If you plan on wrapping you should do it around 165........at 205 the brisket will most likely be probing tender and will be ready for a rest


----------



## noboundaries (Apr 21, 2022)

A 3lb brisket is most likely a flat. Make sure it probes tender at your destination temp. It may need to go longer. Beef can't read thermometers.


----------



## noboundaries (Apr 21, 2022)

And...don't forget the resting period after the smoke. Very important.


----------



## SmokeyBarks (Apr 21, 2022)

noboundaries said:


> A 3lb brisket is most likely a flat. Make sure it probes tender at your destination temp. It may need to go longer. Beef can't read thermometers.


So 3 lb. Brisket won't have a point?


----------



## noboundaries (Apr 21, 2022)

SmokeyBarks said:


> So 3 lb. Brisket won't have a point?


Nope. Most packer briskets (flat and point) are in the 10 to 18 lbs range. Grocers cut them up to move at weights their shoppers will buy. A 3 lb brisket is probably half a flat. That's a typical cut from grocery stores.

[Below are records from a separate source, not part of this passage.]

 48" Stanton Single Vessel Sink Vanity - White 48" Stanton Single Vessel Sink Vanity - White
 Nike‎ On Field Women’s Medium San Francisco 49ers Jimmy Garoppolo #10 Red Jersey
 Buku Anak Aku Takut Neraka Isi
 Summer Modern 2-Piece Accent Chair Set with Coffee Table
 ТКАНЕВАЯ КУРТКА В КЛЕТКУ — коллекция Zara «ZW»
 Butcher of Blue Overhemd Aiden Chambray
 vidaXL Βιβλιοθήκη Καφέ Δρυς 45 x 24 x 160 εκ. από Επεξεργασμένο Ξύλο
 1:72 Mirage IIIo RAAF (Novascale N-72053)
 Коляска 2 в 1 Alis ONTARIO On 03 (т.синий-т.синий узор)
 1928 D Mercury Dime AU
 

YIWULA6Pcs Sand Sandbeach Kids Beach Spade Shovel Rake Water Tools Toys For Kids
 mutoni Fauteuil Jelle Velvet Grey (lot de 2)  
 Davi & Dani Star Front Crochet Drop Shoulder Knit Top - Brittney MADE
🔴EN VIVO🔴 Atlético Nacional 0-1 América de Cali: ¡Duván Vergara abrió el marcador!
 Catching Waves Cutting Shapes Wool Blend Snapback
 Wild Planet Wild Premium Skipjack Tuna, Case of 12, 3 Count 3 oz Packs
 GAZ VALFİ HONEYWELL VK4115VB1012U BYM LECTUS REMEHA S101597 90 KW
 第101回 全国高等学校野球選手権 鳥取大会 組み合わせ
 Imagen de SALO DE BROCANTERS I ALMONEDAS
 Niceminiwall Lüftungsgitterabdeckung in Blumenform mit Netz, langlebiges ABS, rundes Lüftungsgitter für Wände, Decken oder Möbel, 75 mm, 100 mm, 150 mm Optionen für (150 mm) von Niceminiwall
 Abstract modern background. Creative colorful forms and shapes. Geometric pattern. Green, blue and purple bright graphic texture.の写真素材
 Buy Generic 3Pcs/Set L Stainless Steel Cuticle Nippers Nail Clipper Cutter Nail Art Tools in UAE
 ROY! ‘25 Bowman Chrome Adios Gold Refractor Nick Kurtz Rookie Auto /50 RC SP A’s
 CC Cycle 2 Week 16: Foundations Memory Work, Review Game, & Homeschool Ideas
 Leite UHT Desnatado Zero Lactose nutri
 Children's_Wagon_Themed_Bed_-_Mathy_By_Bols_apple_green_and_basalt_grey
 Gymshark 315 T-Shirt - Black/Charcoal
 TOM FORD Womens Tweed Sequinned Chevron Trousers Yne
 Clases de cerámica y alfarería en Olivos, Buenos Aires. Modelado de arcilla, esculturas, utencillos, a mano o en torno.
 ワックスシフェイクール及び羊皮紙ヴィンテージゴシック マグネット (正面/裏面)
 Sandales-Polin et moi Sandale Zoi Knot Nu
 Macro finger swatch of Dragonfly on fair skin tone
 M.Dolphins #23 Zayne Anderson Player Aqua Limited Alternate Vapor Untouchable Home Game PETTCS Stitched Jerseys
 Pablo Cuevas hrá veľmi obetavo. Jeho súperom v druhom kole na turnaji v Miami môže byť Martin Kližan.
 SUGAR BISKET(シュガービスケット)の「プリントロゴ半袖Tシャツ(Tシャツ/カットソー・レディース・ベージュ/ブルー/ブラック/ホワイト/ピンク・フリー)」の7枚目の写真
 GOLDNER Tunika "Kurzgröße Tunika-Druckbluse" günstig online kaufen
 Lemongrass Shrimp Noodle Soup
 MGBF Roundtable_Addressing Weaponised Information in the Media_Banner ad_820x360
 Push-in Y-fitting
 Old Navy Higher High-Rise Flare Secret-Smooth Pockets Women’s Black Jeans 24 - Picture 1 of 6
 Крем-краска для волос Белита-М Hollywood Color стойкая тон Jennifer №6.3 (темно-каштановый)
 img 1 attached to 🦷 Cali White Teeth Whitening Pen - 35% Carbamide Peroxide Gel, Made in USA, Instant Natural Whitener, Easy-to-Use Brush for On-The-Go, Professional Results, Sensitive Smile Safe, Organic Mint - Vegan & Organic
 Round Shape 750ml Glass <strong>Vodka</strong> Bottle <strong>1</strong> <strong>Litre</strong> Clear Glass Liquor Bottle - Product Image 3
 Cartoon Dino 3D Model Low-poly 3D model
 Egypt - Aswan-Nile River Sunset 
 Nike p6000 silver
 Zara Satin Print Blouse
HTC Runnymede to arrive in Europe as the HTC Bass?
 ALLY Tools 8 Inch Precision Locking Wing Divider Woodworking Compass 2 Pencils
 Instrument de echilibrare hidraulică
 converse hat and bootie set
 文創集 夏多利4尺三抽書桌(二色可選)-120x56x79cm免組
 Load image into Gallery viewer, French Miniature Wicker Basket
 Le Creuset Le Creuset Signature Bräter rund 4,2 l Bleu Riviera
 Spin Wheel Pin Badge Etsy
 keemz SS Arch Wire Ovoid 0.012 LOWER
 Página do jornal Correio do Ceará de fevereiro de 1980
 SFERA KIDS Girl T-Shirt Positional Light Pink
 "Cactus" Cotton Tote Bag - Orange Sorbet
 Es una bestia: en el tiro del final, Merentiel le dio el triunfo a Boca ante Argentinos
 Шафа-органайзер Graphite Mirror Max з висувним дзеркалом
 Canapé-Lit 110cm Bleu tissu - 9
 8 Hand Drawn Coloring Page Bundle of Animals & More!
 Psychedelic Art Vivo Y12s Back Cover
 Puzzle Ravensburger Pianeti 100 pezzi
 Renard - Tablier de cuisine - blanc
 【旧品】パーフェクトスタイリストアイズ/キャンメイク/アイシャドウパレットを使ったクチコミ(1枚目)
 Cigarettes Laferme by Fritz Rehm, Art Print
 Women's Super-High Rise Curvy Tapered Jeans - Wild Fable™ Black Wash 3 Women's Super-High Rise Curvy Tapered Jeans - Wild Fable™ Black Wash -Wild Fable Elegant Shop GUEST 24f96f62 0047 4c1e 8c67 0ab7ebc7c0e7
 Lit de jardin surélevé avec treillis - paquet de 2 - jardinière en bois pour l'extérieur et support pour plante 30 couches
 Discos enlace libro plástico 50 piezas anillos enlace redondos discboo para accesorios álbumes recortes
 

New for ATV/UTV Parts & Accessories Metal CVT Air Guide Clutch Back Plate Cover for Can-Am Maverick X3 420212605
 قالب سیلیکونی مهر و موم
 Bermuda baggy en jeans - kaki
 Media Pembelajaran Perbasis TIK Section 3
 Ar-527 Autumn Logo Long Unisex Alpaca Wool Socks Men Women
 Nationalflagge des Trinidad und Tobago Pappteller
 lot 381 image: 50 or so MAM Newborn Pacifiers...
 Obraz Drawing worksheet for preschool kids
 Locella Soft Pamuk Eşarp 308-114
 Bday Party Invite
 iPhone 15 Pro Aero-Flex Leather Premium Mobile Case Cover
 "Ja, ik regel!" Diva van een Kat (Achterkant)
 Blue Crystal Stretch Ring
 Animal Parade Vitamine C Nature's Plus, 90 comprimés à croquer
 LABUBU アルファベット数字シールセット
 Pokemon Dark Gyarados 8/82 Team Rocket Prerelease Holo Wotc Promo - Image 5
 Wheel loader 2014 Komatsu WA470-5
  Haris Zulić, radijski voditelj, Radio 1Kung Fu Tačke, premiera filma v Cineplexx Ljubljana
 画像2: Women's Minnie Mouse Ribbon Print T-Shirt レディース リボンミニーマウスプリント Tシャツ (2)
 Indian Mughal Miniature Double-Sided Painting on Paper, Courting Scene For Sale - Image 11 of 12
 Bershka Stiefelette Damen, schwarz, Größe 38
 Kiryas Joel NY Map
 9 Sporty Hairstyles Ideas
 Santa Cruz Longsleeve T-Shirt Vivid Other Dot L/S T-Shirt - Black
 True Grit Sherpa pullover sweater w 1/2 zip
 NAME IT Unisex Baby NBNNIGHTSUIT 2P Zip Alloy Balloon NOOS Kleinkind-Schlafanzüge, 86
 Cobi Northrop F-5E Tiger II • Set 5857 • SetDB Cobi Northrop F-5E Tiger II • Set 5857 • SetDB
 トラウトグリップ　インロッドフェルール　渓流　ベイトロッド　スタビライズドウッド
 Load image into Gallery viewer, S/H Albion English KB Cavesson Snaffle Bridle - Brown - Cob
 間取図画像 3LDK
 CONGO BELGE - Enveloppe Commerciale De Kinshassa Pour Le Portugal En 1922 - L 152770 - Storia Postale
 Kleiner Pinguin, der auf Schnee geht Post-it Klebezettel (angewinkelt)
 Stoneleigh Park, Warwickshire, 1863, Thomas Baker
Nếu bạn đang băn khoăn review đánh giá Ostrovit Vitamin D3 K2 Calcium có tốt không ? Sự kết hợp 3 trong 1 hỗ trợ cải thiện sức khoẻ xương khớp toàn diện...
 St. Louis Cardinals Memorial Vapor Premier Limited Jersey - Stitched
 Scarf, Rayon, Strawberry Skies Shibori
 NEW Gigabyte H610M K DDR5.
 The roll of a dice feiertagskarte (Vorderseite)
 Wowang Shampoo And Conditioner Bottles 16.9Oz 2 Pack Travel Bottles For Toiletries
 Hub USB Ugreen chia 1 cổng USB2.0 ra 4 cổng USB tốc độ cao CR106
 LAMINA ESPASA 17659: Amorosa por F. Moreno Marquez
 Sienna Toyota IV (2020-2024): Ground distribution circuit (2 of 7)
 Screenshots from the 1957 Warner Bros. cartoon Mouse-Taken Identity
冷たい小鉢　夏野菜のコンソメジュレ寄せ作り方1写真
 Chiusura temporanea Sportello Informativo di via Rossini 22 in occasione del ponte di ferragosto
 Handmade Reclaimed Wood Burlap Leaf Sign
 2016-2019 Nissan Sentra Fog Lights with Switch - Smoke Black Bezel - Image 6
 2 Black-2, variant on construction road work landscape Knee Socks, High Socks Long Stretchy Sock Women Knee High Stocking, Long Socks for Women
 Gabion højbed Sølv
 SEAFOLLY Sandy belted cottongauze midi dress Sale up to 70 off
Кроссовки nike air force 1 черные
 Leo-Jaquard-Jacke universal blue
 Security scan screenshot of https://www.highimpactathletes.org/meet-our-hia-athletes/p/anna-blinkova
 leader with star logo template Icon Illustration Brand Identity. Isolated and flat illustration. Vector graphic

A full point is usually in the 4.5 to 6 lb range and highly marbled. They are harder to find. I love 'em but the meat counter at my local grocer says they are too hard to move due to the fat.  If people only knew they make incredible chili and soup, not to mention burnt ends.


----------



## JckDanls 07 (Apr 21, 2022)

SmokeyBarks said:


> I read I should wrap it in unlined butcher paper after it gets to 205 degrees



What it should have said ...  If you cook the whole way without wrapping and reach 205` (probe tender)...  then wrap it in the butcher paper and put it in a cooler for resting at that time ...  Cooking the whole way without wrapping takes much longer ... 
you don't cook be time (8 hrs as you stated)... Go by internal temp (IT) and probe tender...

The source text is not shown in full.